5. “Peritos” em fraternidade num mundo sedento de sentido.
Tornamo-nos capazes de assumir o desafio da convivência fraterna dentro e fora da comunidade religiosa. Saberemos fazer das pessoas distantes um próximo(a) e da pessoa próxima uma irmã, um irmão. Assim, a fraternidade profunda, feita de ternura, ajuda, perdão, compreensão, respeito, silêncio e reverência será o fruto saboroso que nós poderemos oferecer ao mundo.
Para isto é que viemos. Oferecer ao mundo, às pessoas sedentas de um sentido mais profundo para suas vidas, a ternura de Deus que, em Jesus Cristo, se fez tão próximo a ponto de ser um de nós, tão igual que passa despercebido. E nós que, no silêncio e escuta, na abertura do nosso coração gastamos tempo diante d’Ele, deixamos que Ele penetre com sua vida e seu amor todos os meandros da nossa emoção, da nossa inteligência e da nossa vontade. Nós cultivamos uma sensibilidade na fé a ponto de podermos dizer como São Paulo: “Minha vida presente na carne, eu a vivo pela fé no Filho de Deus que me amou e se entregou a si mesmo por mim.” Aí sim, nossa vida pessoal, nossa vida comunitária e tudo o que fizermos será um anúncio vivo da boa nova de Jesus: Temos um Pai que nos ama e o seu amor dá sentido e consistência a cada momento da nossa vida.

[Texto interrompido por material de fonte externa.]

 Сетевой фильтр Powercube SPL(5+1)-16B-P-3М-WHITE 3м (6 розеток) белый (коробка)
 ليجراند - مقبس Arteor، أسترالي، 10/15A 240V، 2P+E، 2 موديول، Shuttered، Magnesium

Experimentaremos a alegria imensa que vem do amor vivido nas situações mais concretas da vida. Vamos deixar o amor fluir em nós, transbordar para cada irmã, cada irmão, para cada pessoa que nos toca com sua presença.
 
Questionamento para trabalho em grupo:
Sabemos o que é uma “família” bem constituída.
 
1-Aqui na AL que desafios percebemos para que a Família Carmelitana seja de fato transparente, dialogal e comprometida com o reino? Como superá-los?
 
2-Enumere pontos concretos em que crescemos ou regredimos em nosso nossa vivência como FAMÍLIA.
 
3-A fraternidade, a vida de oração e a missão são elementos fundamentais no Carmelo.
 
4-A partir deste Encontro, que gestos, que atitudes concretas necessitam ser tomadas, a curto e em longo prazo, para o nosso crescimento como Família?